**Assigned task:** The full listing is to be transcribed exactly, with each picture left out.

**Source material:**
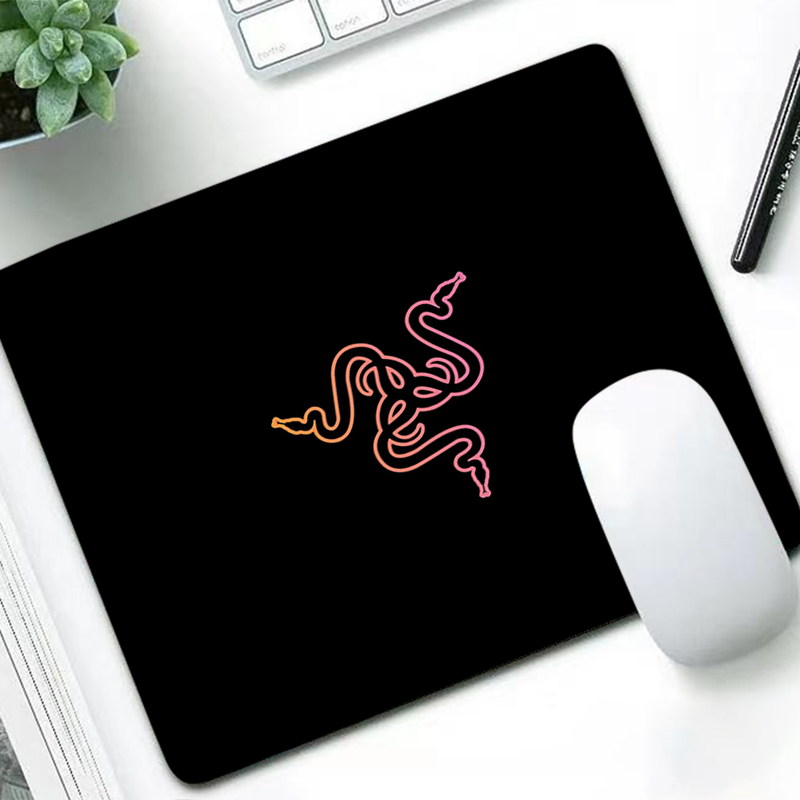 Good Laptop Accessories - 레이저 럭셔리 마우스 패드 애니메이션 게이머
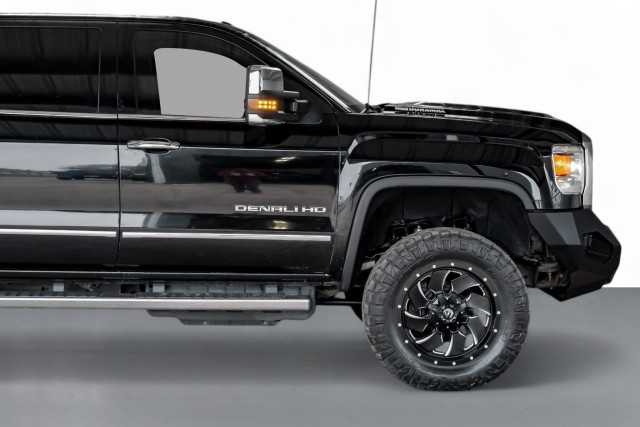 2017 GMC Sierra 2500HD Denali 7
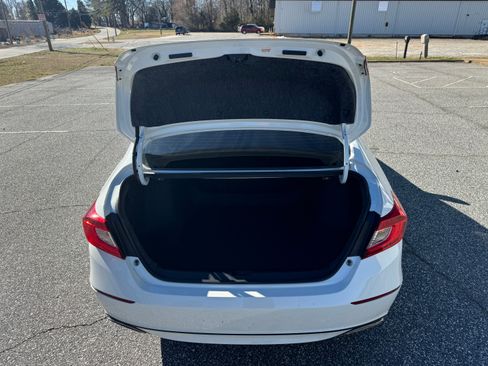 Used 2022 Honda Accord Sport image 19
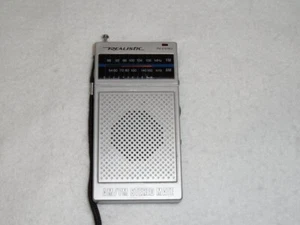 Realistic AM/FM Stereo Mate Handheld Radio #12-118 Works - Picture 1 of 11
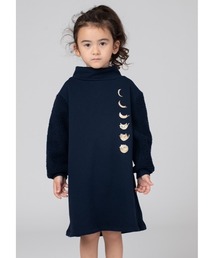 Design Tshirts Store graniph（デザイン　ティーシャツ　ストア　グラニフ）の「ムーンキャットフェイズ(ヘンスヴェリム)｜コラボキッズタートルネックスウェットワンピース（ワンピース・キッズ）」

**Solved problem:**
 Good Laptop Accessories - 레이저 럭셔리 마우스 패드 애니메이션 게이머
 2017 GMC Sierra 2500HD Denali 7
 Used 2022 Honda Accord Sport image 19
 Realistic AM/FM Stereo Mate Handheld Radio #12-118 Works - Picture 1 of 11
 Design Tshirts Store graniph（デザイン　ティーシャツ　ストア　グラニフ）の「ムーンキャットフェイズ(ヘンスヴェリム)｜コラボキッズタートルネックスウェットワンピース（ワンピース・キッズ）」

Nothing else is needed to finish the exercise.